If the two throws are independent, then the probability of a "6" on one throw is 1/6 no matter what the other throw was.

If you need a detailed analysis there are 36 results of two 6 sided dice: {(1, 1), (1, 2), (1, 3), ... (6, 4), (6, 5), (6, 6)}.

Of those, exactly 6 have a "4" in the first place: {(4, 1), (4, 2), (4, 3), (4, 4), (4, 5), (4, 6)} one of which has a "6" in the second place. Therefore, the probability that when rolling two dice, if one die is a "4", the other is a "6" is 1/6.

Answer 2

You already have the correct answer $1/11$ and have responded to @Riemann in your comment, giving the correct method.

I'm a great fan of simulation, especially to verify my answers to such problems, guarding against a lapse in logic. So here's my simulation in R, which is consistent with your $1/11.$

I simulated rolling two dice a million times, counting the number of 4s at each roll of a pair of dice. This gives me a vector nr.4 with a million entries (each of which may be 0, 1, or 2). The simulation gives the answer $0.0913 \pm 0.0006,$ consistent with $1/11 = 0.0909.$

set.seed(812)  # for reproducibility
nr.4 = replicate(10^6, sum(sample(1:6, 2, rep=T)==4))
table(nr.4)/10^6
nr.4
       0        1        2 
0.695074 0.277077 0.027849 

mean(nr.4[nr.4>=1] == 2)
[1] 0.09133036     # aprx P(both 4|one or more) = 1/11
1/11
[1] 0.09090909
2*sd(nr.4[nr.4>=1] == 2)/1000
[1] 0.0005761576   # aprx 95% margin of sim error for answ

Notes on R code (if interested):

• If you repeat this bit of code starting with my set.seed statement, you will get exactly my results; for your own fresh simulation, pick a different seed, or omit the statement and R will pick an unpredictable seed.

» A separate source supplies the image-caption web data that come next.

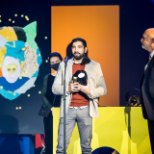 GALERII LÕPUTSEREMOONIALT | PÖFFi võitis draamakomöödia võõrahirmust, auhinnatud sai ka Eesti režissööri film
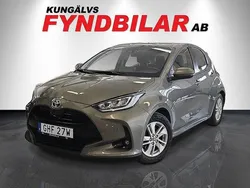 Grön Begagnad 2021 Toyota Yaris Active Halvkombi | 199 900 kr (Marknadspris)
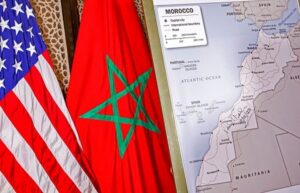 Banderas de Estados Unidos y Marruecos junto a un mapa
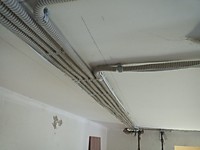 Замена электропроводки в двухкомнатной квартире в гофре по потолку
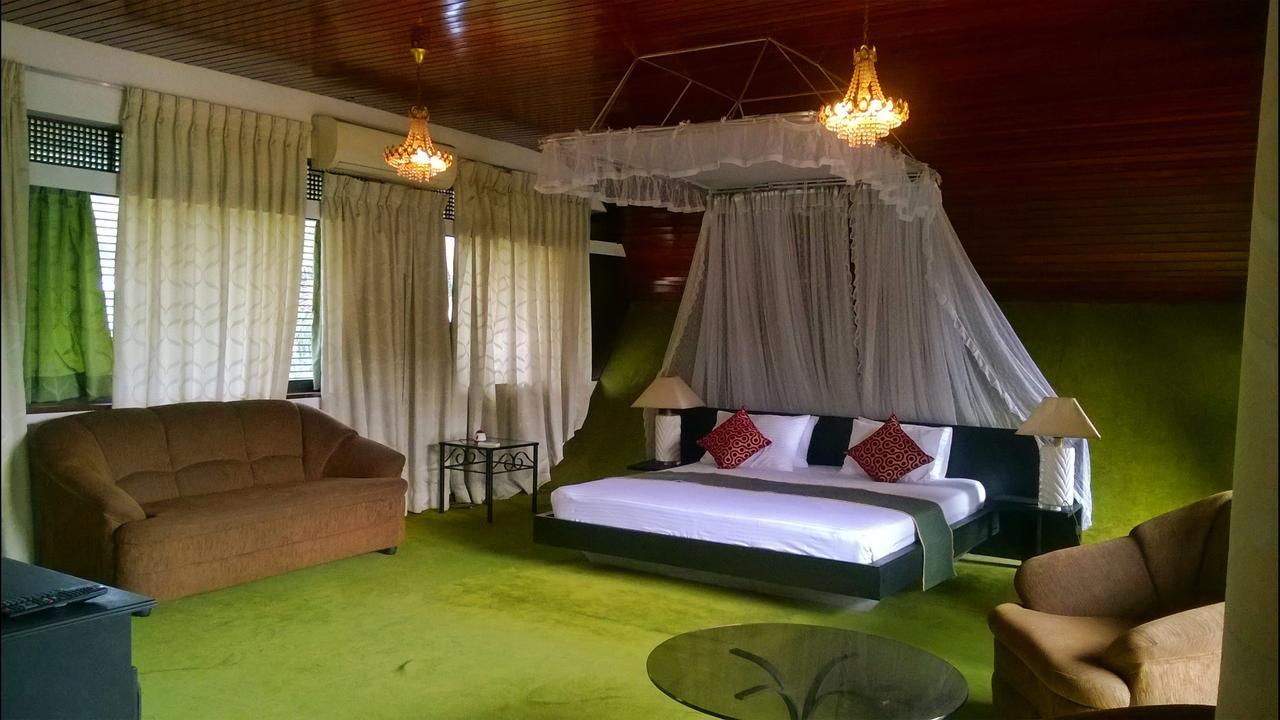 Nilani Hotel Ratnapura Extérieur photo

• The procedure sample simulates rolling two dice.

• The logical vector nr.4 >= 1 has a million entries (TRUEs and FALSEs).

• I look at the number of instances with nr.4==2 which also have nr.4 >= 1. The bracket notation [ ] can be read as 'such that'. The mean of a logical vector is the proportion of its TRUEs.

• The last statement allows me to get a 95% margin of simulation error. With a million iterations one can usually expect two places of accuracy.